Here’s what they look like.
*image courtesy of Frase
So how do you do it?
Blog posting is the most effective way to do it. That’s why businesses from software giants to teashops have blogs.
Step 1 : Choose your central theme
In most cases, you’ll want to create a topic cluster around a product or service. That’s because the centre of the cluster is the thing you want to promote.
So, the teashop may choose Jasmine Green Tea as their central theme and find their product page for this.
And this is the URL: www.theteashop.com/products/tea/jasmine-green-tea/
Step 2 : Start Researching & Answering Queries
The whole point of topic clusters is to look like an authority figure on your niche by being able to answer hundreds of queries about your product. You can’t answer all of these on a service page, so you do that on separate blog posts.
The tea shop looks at what people are searching for, what they ask about in store and template a few blog posts.
Then they’ll start writing to answer specific user queries. Examples of these may be:
Step 3 : Topic Hierarchy
By now, I’m sure you’re confident building a topic cluster around your product or service. But how does Google know which page is the centre of the cluster?

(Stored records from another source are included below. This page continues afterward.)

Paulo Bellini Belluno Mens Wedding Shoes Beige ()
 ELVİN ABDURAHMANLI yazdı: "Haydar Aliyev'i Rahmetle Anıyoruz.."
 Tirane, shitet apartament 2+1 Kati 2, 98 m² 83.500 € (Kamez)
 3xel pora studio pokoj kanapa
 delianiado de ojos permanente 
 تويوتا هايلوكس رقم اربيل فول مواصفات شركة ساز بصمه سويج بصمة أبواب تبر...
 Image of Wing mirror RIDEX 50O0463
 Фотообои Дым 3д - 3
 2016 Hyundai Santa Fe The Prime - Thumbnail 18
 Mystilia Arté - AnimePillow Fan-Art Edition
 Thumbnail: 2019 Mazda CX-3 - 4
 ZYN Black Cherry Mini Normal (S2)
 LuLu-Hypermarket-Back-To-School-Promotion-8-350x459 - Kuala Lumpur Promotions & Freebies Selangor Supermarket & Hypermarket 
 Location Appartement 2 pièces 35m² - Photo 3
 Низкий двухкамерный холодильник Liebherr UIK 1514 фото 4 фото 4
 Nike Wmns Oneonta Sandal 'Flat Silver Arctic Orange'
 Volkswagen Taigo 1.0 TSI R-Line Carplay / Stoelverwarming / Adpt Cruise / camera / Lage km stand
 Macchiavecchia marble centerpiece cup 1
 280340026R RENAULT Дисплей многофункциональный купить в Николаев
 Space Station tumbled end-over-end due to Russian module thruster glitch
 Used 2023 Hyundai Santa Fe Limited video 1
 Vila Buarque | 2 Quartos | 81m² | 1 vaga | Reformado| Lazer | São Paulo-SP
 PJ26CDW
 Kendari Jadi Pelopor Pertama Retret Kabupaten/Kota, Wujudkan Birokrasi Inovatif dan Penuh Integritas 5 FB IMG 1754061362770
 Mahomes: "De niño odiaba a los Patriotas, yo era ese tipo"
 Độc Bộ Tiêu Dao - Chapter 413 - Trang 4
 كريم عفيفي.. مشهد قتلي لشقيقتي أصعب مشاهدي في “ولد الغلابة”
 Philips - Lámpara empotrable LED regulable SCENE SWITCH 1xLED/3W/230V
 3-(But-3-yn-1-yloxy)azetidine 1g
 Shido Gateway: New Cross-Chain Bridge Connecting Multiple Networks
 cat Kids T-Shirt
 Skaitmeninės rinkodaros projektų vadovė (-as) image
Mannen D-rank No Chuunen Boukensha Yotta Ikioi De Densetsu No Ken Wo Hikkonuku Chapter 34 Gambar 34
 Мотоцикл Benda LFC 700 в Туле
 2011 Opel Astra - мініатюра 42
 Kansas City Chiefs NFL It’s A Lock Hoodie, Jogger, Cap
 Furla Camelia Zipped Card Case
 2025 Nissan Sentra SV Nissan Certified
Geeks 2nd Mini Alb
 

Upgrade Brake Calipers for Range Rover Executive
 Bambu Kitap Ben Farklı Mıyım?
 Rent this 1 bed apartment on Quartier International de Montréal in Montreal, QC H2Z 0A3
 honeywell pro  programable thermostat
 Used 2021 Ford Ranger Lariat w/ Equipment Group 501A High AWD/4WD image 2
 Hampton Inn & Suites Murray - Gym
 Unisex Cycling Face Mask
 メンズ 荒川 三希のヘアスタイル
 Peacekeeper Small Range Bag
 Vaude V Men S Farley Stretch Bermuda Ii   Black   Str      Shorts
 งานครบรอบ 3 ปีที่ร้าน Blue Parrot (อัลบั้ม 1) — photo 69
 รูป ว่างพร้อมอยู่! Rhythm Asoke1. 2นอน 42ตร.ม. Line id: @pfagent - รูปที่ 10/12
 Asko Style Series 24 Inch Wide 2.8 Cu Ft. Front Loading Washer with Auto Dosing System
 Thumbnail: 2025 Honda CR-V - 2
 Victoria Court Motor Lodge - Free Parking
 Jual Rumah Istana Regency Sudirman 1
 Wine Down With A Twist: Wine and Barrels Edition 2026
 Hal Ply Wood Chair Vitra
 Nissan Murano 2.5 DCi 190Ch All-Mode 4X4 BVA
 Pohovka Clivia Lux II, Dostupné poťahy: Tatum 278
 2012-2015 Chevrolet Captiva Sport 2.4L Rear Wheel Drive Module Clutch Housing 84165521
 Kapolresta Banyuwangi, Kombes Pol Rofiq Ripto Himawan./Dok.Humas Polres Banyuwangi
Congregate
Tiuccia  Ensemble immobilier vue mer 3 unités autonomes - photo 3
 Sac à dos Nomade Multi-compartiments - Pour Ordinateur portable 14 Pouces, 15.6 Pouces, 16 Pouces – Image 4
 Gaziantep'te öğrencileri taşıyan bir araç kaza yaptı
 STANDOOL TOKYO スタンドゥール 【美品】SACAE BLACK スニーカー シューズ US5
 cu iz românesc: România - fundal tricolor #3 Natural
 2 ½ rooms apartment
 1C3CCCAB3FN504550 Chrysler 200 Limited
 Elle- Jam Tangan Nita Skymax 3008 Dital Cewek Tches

This is where link strategy comes in. Don’t worry, there’s no external linking involved here.
Google needs to follow your blog pages back to your service/product page. You’ll often see this in the text with a hyperlink, or at the bottom of the blog there may be a CTA to buy the Jasmine Green Tea that links to the product page.
All of these blog posts can link to each other, multiple times between them. But all of them link back to the Jasmine Green Tea product page. And more importantly, the product page doesn’t link to the blog pages.